● **Dataset section**:

┄┄┄┄┄┄┄┄┄┄

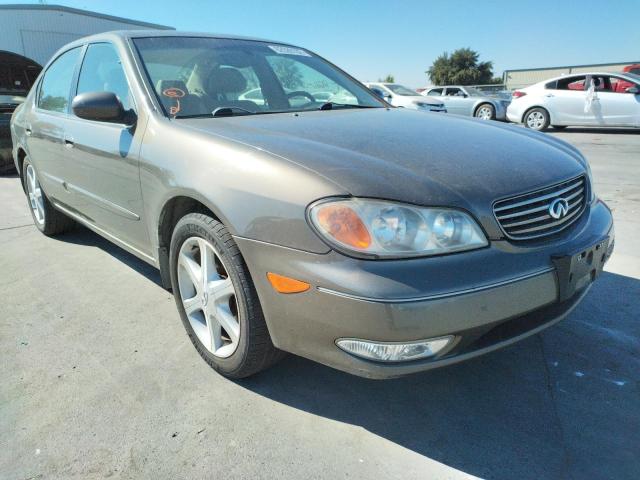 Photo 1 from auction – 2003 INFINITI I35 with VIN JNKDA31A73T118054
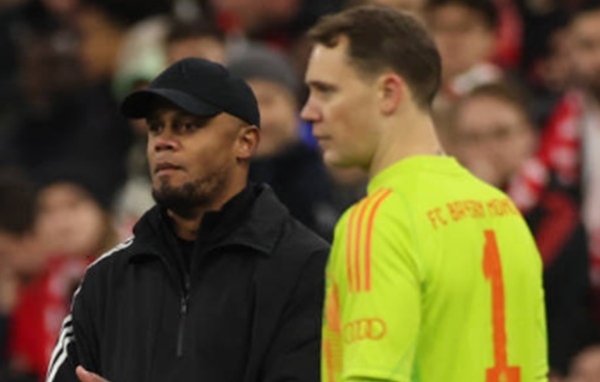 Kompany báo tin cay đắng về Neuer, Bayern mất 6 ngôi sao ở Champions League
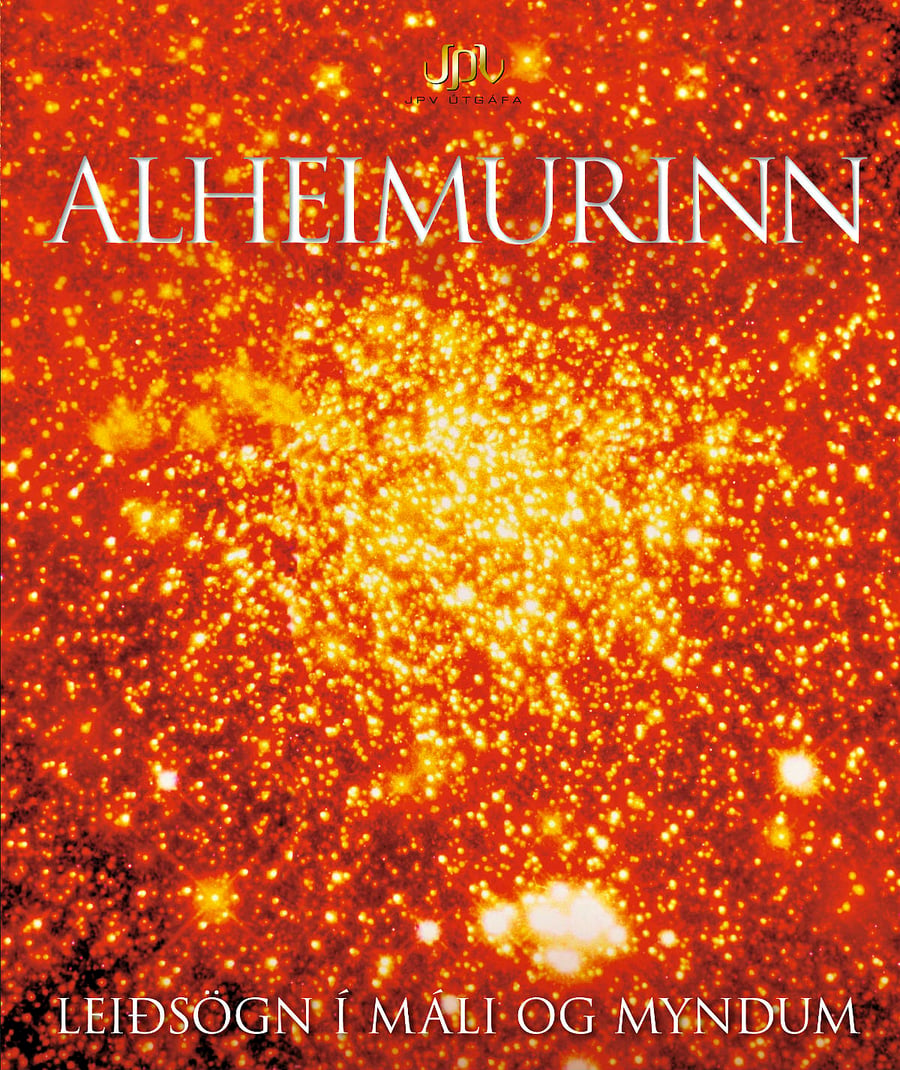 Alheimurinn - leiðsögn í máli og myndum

┄┄┄┄┄┄┄┄┄┄

● **What you have to do**: Repeat the data above exactly, images excluded.

● **Result of this exercise**:
 Photo 1 from auction – 2003 INFINITI I35 with VIN JNKDA31A73T118054
 Kompany báo tin cay đắng về Neuer, Bayern mất 6 ngôi sao ở Champions League
 Alheimurinn - leiðsögn í máli og myndum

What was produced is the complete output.